Sunday, 24 July 2011

Should 'Money' be an adjective, not a noun?

I've been following Ben Laurie's thoughts on Bitcoin and now his new paper on An Efficient and Practical Distributed Currency.

He envisages a group of 'mintettes' that can agree on the distribution of coins, transfer them between individuals, and mint new ones, deciding between themselves how to distribute these. I like the idea of the different mintettes having different Public Good type ideas of where the newly created coins get assigned. The key here is to grow the coin supply at a rate that is lower than the growth of value held, so holders of your coinage get some appreciation, and distribute the new money to worthy causes, or to clients of that mintette.

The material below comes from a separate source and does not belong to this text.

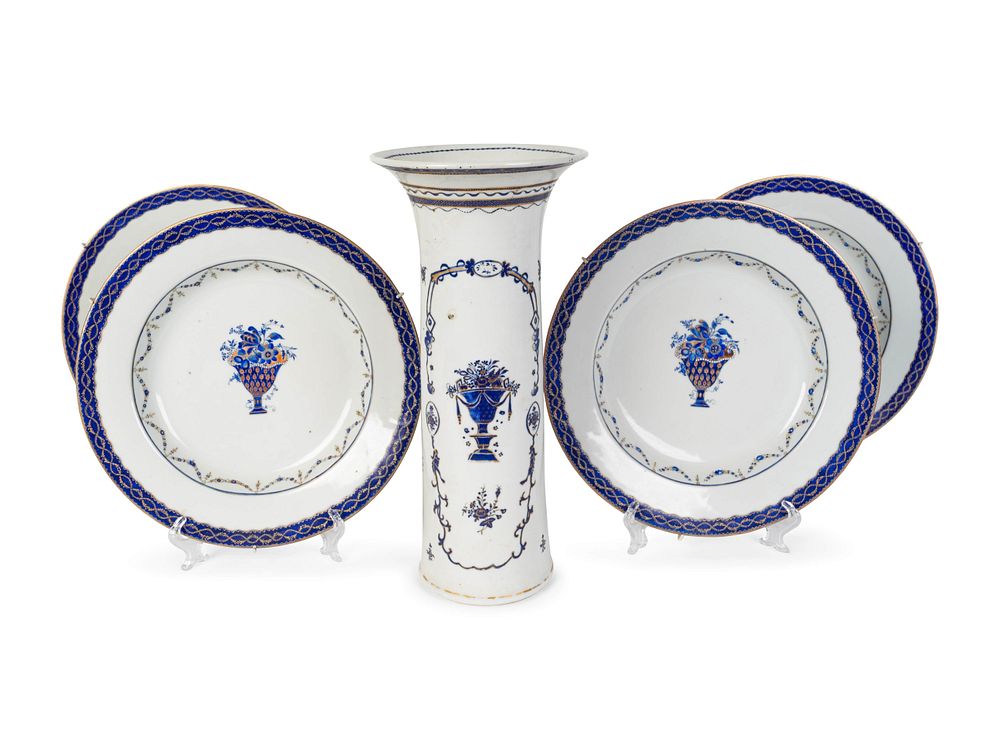 Appraisal: A Set of Four Chinese Export Porcelain Plates and a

In effect you're doing an end run around Gresham's law, in the same way that the Brazilian Real did - and not how the US Govt is doing with dollar coins. This is the bit that the libertarian summer camp got backwards - although they traded with gold, they set prices in US dollars.

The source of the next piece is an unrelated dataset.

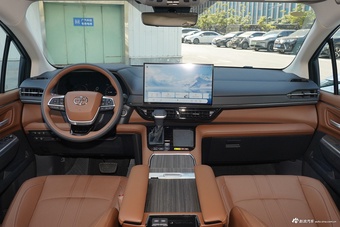 2027款赛那SIENNA 2.5L 双擎四驱尊贵版图片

We do have a precedent for this, and it is an encouraging one. In effect, each company stock is a private currency. The success of Silicon Valley has been helped by the ability of companies here to mint this money-like stuff, and distribute it to stakeholders and investors alike. The difference is that they create new tranches of 'coins' at board meetings, though stock option vesting is a bit like the smooth currency growth that Bitcoin and Ben envisage. Again the goal is growing the money supply at a rate below demand, so that those holding it are rewarded.

In effect we already have things that are more or less like currencies, and these new ones have some encouraging precedents.